Theorem. Let $F$ be a field, let $K$ be an algebraic closure of $F$, and let $\alpha\in K$. Let $f(x) = a_0+a_1x+\cdots a_{n-1}x^{n-1}+x^n$ be the monic irreducible polynomial of $\alpha$ with coefficients in $K$. Then $$\{b_0 + b_1\alpha+\cdots + b_{n-1}\alpha^{n-1}\mid b_i\in F\}$$ is a field, and is the smallest subfield of $K$ that contains $F$ and $\alpha$. That is, $$F(\alpha)=F[\alpha] = \{b_0 + b_1\alpha+\cdots + b_{n-1}\alpha^{n-1}\mid b_i\in F\}$$
(Note: By definition, $F(\alpha)$ is the smallest subfield of $K$ that contains $F$ and $\alpha$, and $F[\alpha]$ is the smallest subring of $K$ that contains $F$ and $\alpha$.)
Proof. It is straightforward that this collection forms a group; showing it is a ring is not hard, we can use the fact that $f(\alpha)=0$ to get $$\alpha^n = -(a_0 + a_1\alpha+\cdots + a_{n-1}\alpha^{n-1}),$$ which allows us to write any power of $\alpha$ greater than $n-1$ in terms of smaller powers.

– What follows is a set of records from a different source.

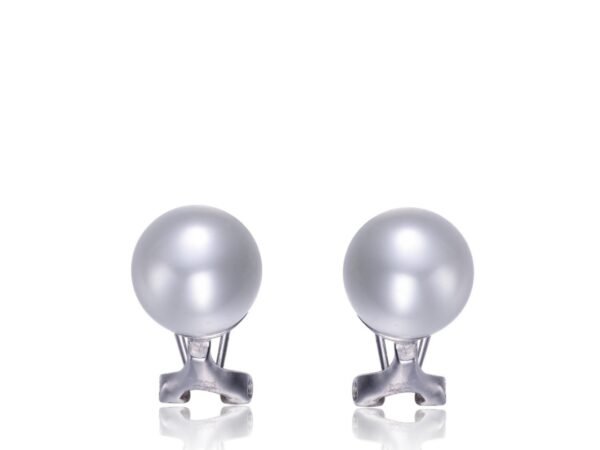 Genevive Sterling Silver White Gold Plated Pearl Omega Earrings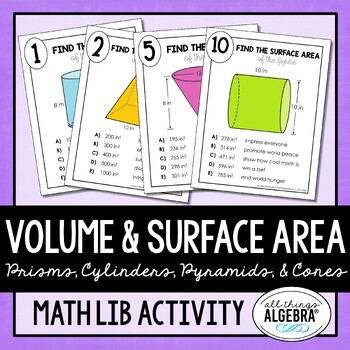 Preview of Volume and Surface Area | Math Lib Activity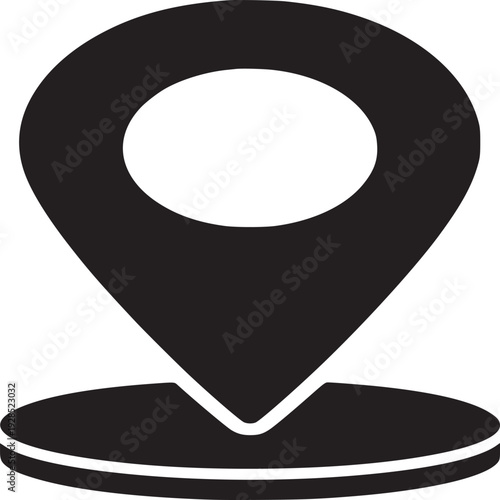 Bold black map pin icon signifying location discovery and navigation, perfect for modern apps.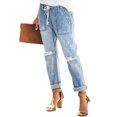thumbnail image 4 of Joggeur en Denim Bleu Ciel pour Femmes, Rond, avec Poches, Usé, 4 of 10
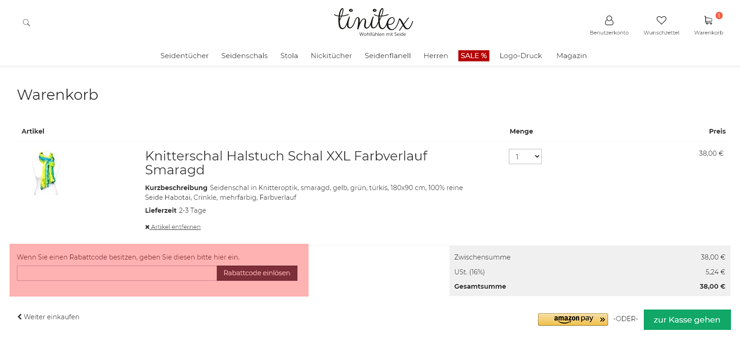 wie ist ein Tinitex Seidentücher und Seidenschals Gutscheincode einzulösen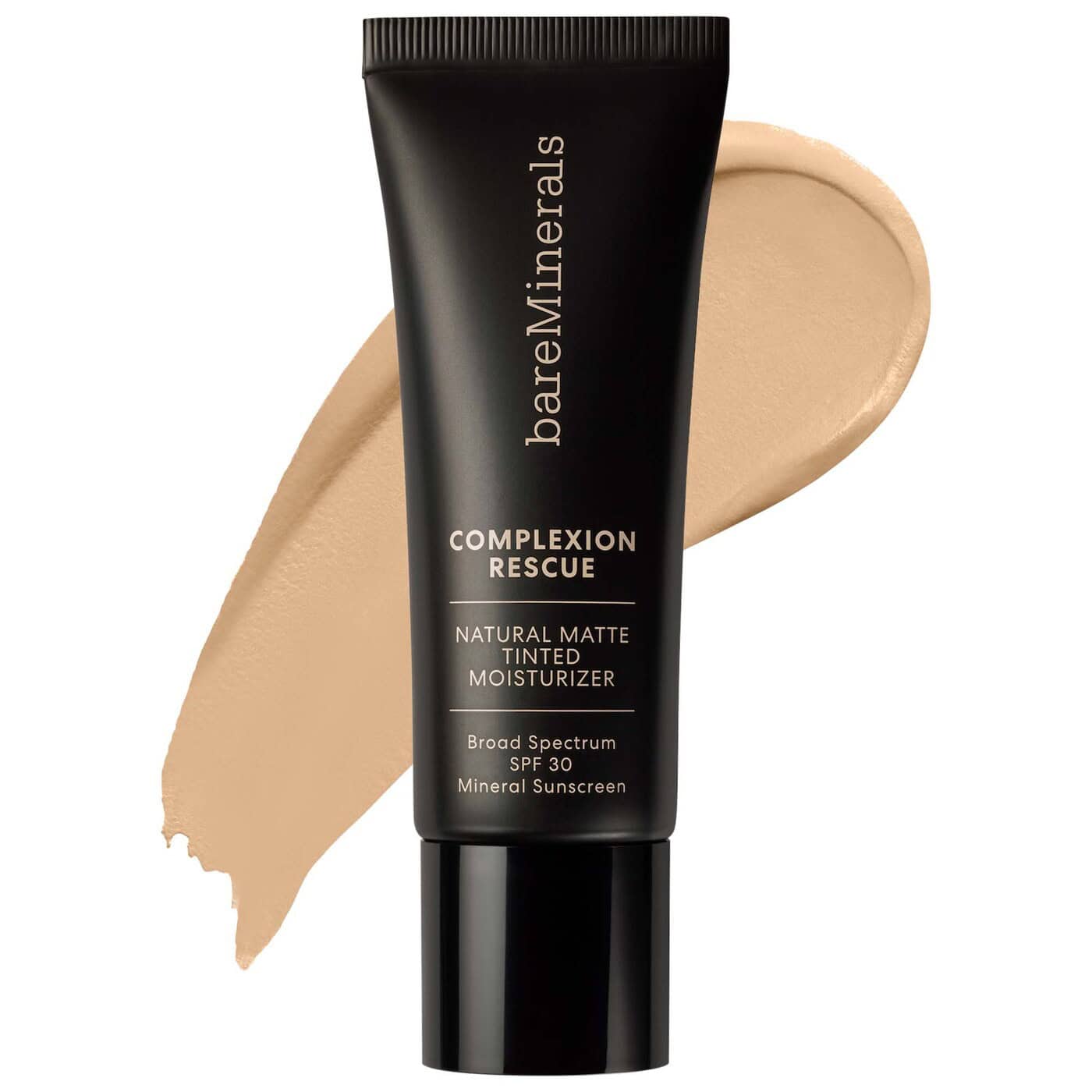 Tinted matte moisturizer tube with warm beige swatch, black cap and SPF 30 details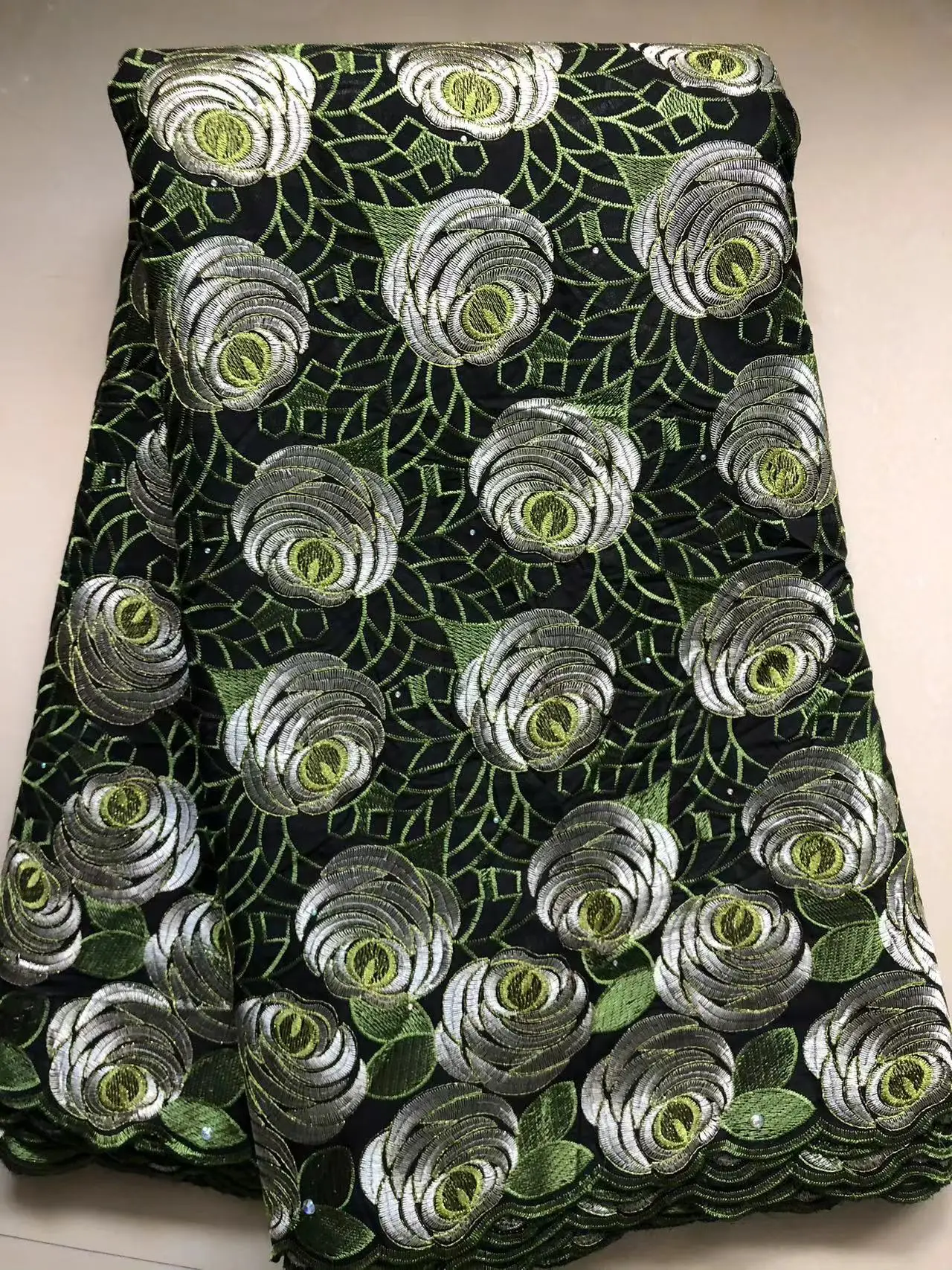 Color: GRAY, length: 5 yards, Width: 120cm - Wholesale Cotton African Lace Fabric 2024 High Quality Swiss Voile Lace Fabric Nigerian Dry Lace Fabrics With Stones For Wedding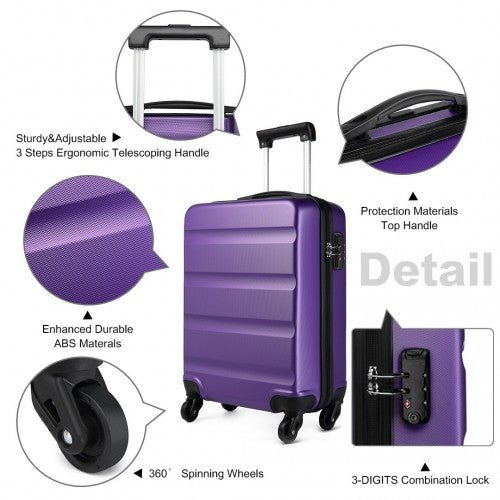 K1991 - 1L - Kono 19 Inch Horizontal Design ABS Hard Shell Suitcase With TSA Lock - Purple - Easy Luggage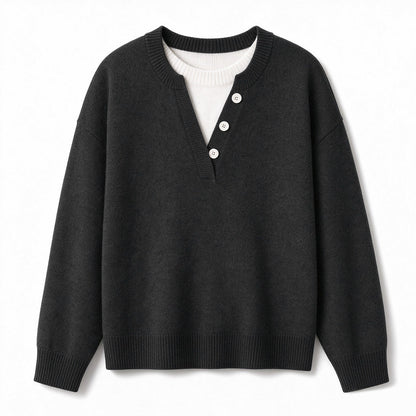 👚 Casual mock two-piece V-ringad stickad tröja med knappdetaljer – mjuk, bekväm och mångsidig, perfekt för vardag och höst! ✨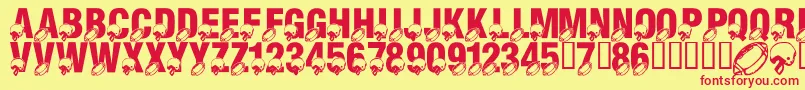 LmsMondayNightFootball Font – Red Fonts on Yellow Background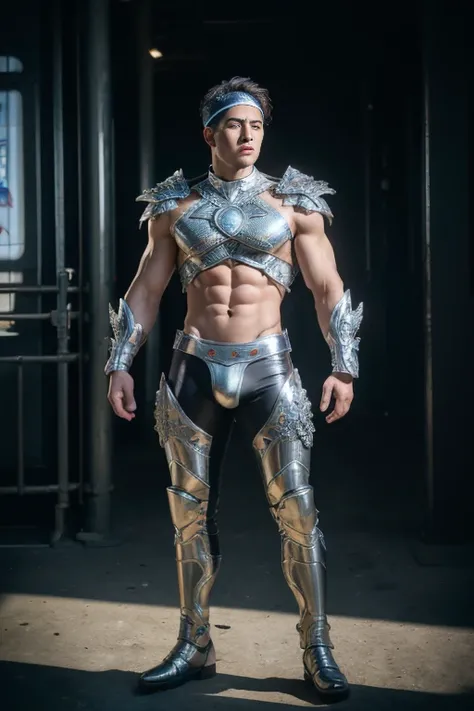 full full body photorealistic Handsome Eco super ripped abs buff body, standing in Violet and silver latex with thick filigree leaves tribal armor and headband,.concentrated and dramatic face, dream vision, extremely realistic, perfect face, perfect eyes, ...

The real issue is multiplicative inverses. Let $$b_0 + b_1\alpha+\cdots + b_{n-1}\alpha^{n-1}$$ be a nonzero element of our set. Let $p(x) = b_0+b_1x+\cdots+b_{n-1}x^{n-1}$.
I claim that there exist polynomials $m(x)$ and $n(x)$ with coefficients in $F$ such that $m(x)p(x) + n(x)f(x) = 1$. Indeed, $F[x]$ is a Euclidean domain; since $f(x)$ is irreducible, and $p(x)$ is not zero and of degree strictly smaller than $f(x)$, then $f(x)$ and $p(x)$ are relatively prime. And since $F[x]$ is a Euclidean domain, the extended Euclidean algorithm will produce $m(x)$ and $n(x)$.
Now plug in $\alpha$. We have $1 = m(\alpha)p(\alpha) + n(\alpha)f(\alpha) = m(\alpha)p(\alpha)$. Thus, $p(\alpha) = b_0+b_1\alpha+\cdots+b_{n-1}\alpha^{n-1}$ has a multiplicative inverse which is a polynomial in $\alpha$ with coefficients in $F$. We can then rewrite any power of $\alpha$ greater than $n-1$ as smaller powers to get that $p(\alpha)$ has an inverse in our set, and we are done.
Now, clearly any subring of $F$ that contains $F$ and contains $\alpha$ will contain our set, so then $$\{a_0+a_1\alpha+\cdots+a_{n-1}\alpha^{n-1}\mid a_i\in F\} \subseteq F[\alpha]\subseteq F(\alpha)\subseteq \{a_0+a_1\alpha+\cdots+a_{n-1}\alpha^{n-1}\mid a_i\in F\}$$ giving equality. $\Box$
In your case, $F=\mathbb{Q}$, $\alpha=\sqrt[3]{5}$, which satisfies $f(x) = x^3-5$, which is monic and irreducible over $\mathbb{Q}$. So $$\mathbb{Q}(\sqrt[3]{5}) = \mathbb{Q}[\sqrt[3]{5}] = \{a + b\sqrt[3]{5}+c(\sqrt[3]{5})^2\mid a,b,c\in\mathbb{Q}\}.$$
Solution 4:
It is really simple: generalizing rationalizing denominators, one can easily read off the inverse of $\alpha$ from any minimal polynomial. Let $\alpha\ne 0$ be an element of a domain $D$ that is algebraic over some subfield $F$. Being algebraic, $f(\alpha) = 0$ for some $f(x)\in F[x],\ f\ne 0$. Since $D$ is a domain we may assume $f(0) \ne 0$ since $f(\alpha)\:\alpha^n = 0$ $\Rightarrow$ $f(\alpha) = 0$. Writing $f(x) = x\ g(x) - a,\ a \ne 0$ and evaluating at $x = \alpha$ we deduce $\alpha\ g(\alpha) = a$ hence $\alpha\ g(\alpha)\ a^{-1} = 1$, i.e. $\alpha^{-1} = g(\alpha)\ a^{-1}.$
This is a generalization of rationalizing denominators in the quadratic / splitting field case, where the constant term of a minimal polynomial is a norm (product of conjugates). For much further discussion of this viewpoint see this answer.
This fails in non-domains, e.g. $\alpha\in \mathbb Q[\alpha]/(\alpha^2)$ has minimal polynomial $f(x) = x^2$ with $f(0) = 0$ so the above method fails. Indeed, zero-divisors are never invertible (except in the zero ring).